São inúmeras as Juntas de Freguesia do País, que apenas abre as portas da sua Sede à população durante algumas horas durante a semana e, para além disso, muito do trabalho que realizam pode ser facilmente executado pela Autarquia. Se assim é, porque é que nós, através dos nossos impostos, temos de as financiar? Será que, muitos daqueles que hoje vestem a pele de Autarcas dessas Freguesias, caso fossem confrontados com a impossibilidade de receberem mensalmente os subsídios a que têm direito, não renunciariam ao cargo?

Não é só a perda de um sentimento de poder que está no centro da resistência à extinção das Freguesias, mas também a perda de rendimentos já tidos como certos, que, por pouco que sejam, fazem “ sempre jeito”.

Cara ou Coroa

Retomo o Estudo efectuado pelo Grupo de Trabalho que reflectiu sobre as consequências que o Documento Verde poderá promover na organização territorial do Concelho do Sardoal.

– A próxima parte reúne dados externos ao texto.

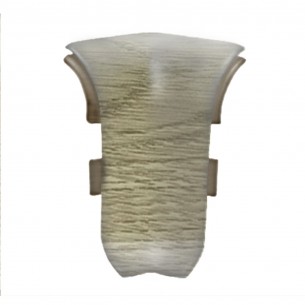 Вътрешен ъгъл за перваз SG56/B3 Salag, Пустинен дъб, 1бр. блистер | цена за 1блистер Вътрешен ъгъл за перваз SG56/B3 Salag, Пустинен дъб, 1бр. блистер | цена за 1блистер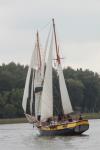 S/Y BIEGNĄCA PO FALACH:zdj 050.jpg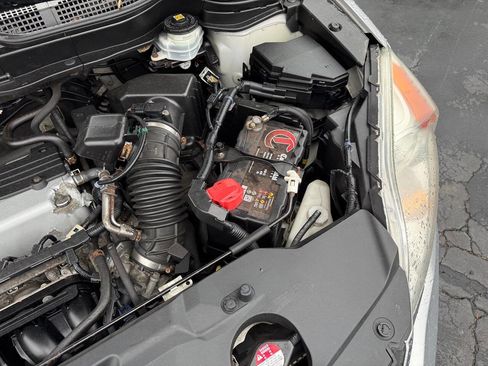 Used 2011 Honda CR-V LX image 74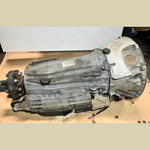 Load image into Gallery viewer, Mercedes-Benz W212 E-Class S-Class W221 Automatic Transmission Gearbox 722.903 7G-Tronic OEM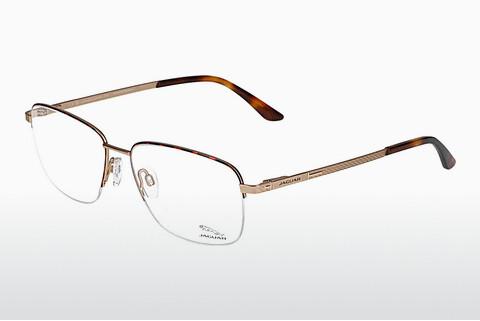 Eyewear Jaguar 33122 6000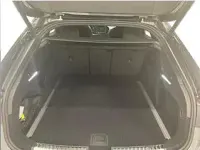Neu Audi A6 Proline 204 PS (150 kW) 2025 Grau, daytonagrau perleffekt (6y) Kombi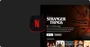 Senior Product Designer in Netflix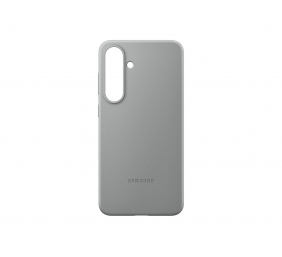 Samsung | Galaxy S25+ Kindsuit Case, Gray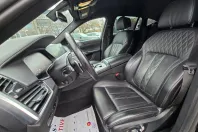BMW X6 (Seria X) din 2022 cu 113.498 km - oferta BMW238848 - foto 4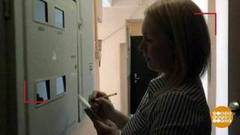 Семейная экономика. Доброе утро. Фрагмент выпуска от 13.09.2018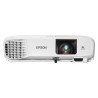 Epson proyector powerlite 119W V11H985020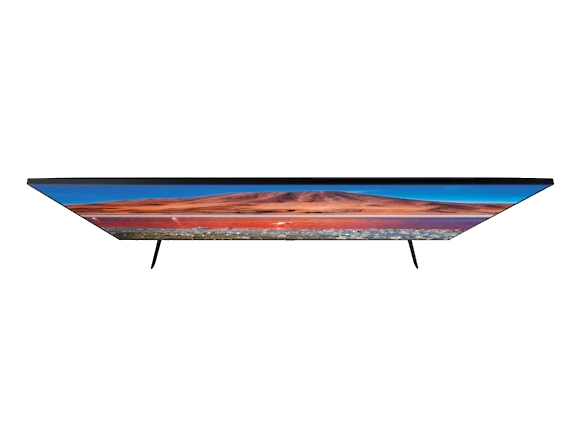 televizor-samsung-65-65tu7072-4k-uhd-led-tv-smar-samsung-ue65tu7072uxxh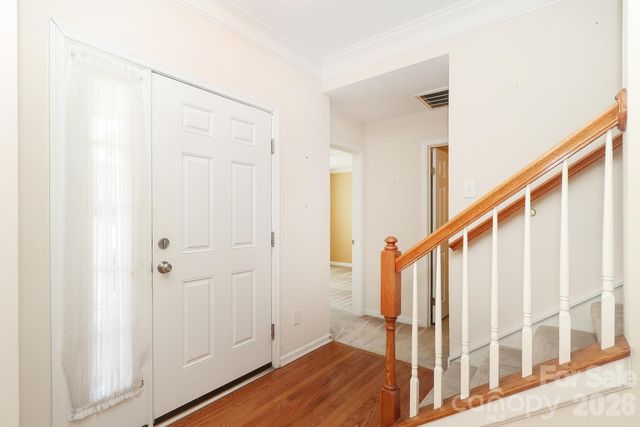 3025 Hiddenbrook Way, Indian Land, SC 29707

Para além de evidenciar o facto de uma camada da população poder vir a ficar prejudicada pela eventual extinção das Freguesias de Valhascos e de Santiago de Montalegre, conclui o estudo:

… Que se constitua um conselho municipal de freguesias, mantendo as juntas como estão, mas no qual as quatro freguesias se comprometeriam entre elas a partilhar bens e recursos e que na aquisição de bens existiria uma regra em como estas seriam pensadas em conjunto por forma a existirem ganhos de escala.

Este conselho municipal de freguesias seria constituído pelos presidentes de junta, ou seus representantes, e pelo presidente da Câmara Municipal, ou seu representante.

O conselho municipal de freguesias seria o local onde as freguesias iriam procurar o entendimento entre elas, sem que nenhuma delas perdesse o seu poder e legitimidade.

Com a criação deste conselho municipal de freguesias é possível estabelecer uma afirmação territorial mais forte porque a visão do que acontece no concelho passa a ser mais global e fomentará a existência de uma preocupação mútua entre freguesias. “


Embora, profundamente céptico quanto à possibilidade das Juntas de Freguesia poderem partilhar bens e recursos, uma vez que só partilha bens e recursos quem tem e as Juntas de Freguesia do Concelho de Sardoal pouco têm a partilhar (Entre todas julgo ser possível reunir 1 retroescavadora, 2 dumpers, 3 carrinhas e até 10 trabalhadores. Para fazerem que trabalhos? Das suas competências próprias ou da competência de outros?) creio que este conselho municipal seria muito útil na partilha de experiências e informação.

E se assim é, porque se espera para a sua constituição?

Cara ou Coroa? Por enquanto… CARA! (Mais tarde logo se verá.)